売上高に対する物流コストをみると、15年度の物流コストの売上対比が上昇あるいは横ばいとなった企業は39社、低下したのは24社だった。14年度は売上対比が増加した企業が36社、減少した企業が27社だった。14年度と比較すると売上対比が上昇あるいは横ばいだった企業は3社増えている。また、13年度は上昇が16社、横ばいが4社、減少が41社となっていた。

パーセンテージにして比較すると、15年度の売上対比が増加あるいは横ばいだった企業は62%となり、14年度の57%に対しては5ポイント上昇した。6割を超える企業で物流コストの売上対比が上昇したことになる。15年度も物流コストの売上対比は上昇基調がつづいていることがわかる。

13年度は上昇と横ばいを合わせると33%となっていたが、14年度には24ポイントと大幅に伸びて57%となった。これはトラックドライバー不足とアベノミクスの加速による荷動きの伸びにより輸送の需給がひっ迫したことが影響したものと推測される。15年度の物流コスト売上対比が14年度に対して5ポイントの上昇にとどまったのは、荷動きの伸び悩みなどが影響したものとみられる。

トラックドライバー不足などを背景として、物流コスト割合は上昇基調が続いていることが各種調査からも指摘されているが、本調査によってもその傾向がみられるようだ。
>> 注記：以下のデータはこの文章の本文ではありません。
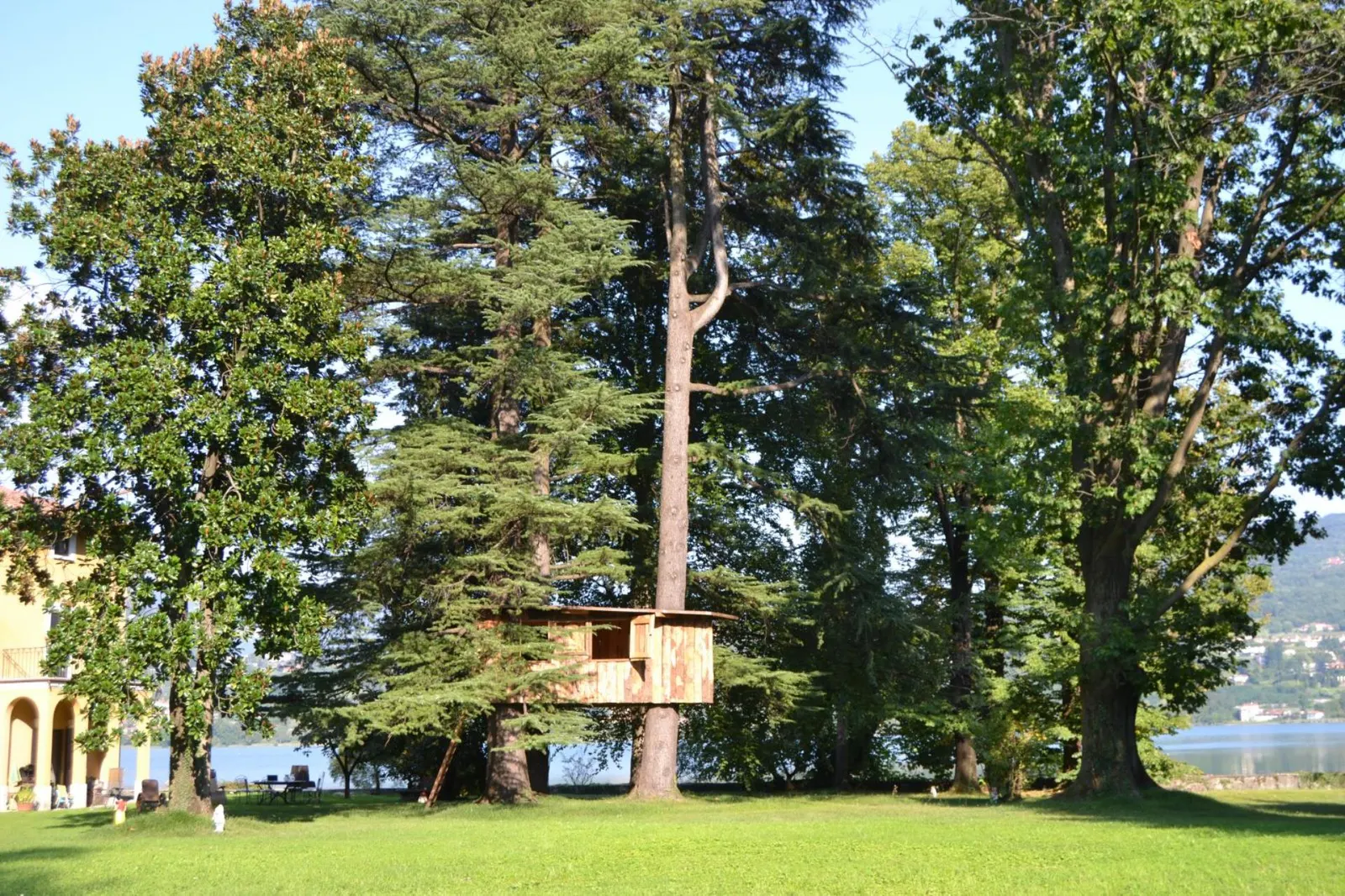 9-Bedroom Villa Sleeping 18, Annone di Brianza, photo 9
ちなみに、物流費関連費用は企業ごとに、範囲(工場〜1次拠点までの販売物流費のみ、あるいは調達物流費用を含むものなど)や定義が異なるものの全体としての傾向や個々の企業の推移などをみることは可能だという考えに立ち、本調査は当初は100社程度でスタートしたが、前々回から今回まで掲載できたのは60社台にとどまった。これは精密、電気、医薬品、化粧品など単価の高い商品を扱う業種では、物流コストが計上されている「損益計算書」の中の「販売費及び一般管理費」の項目から物流関連の項目が外される傾向があるため。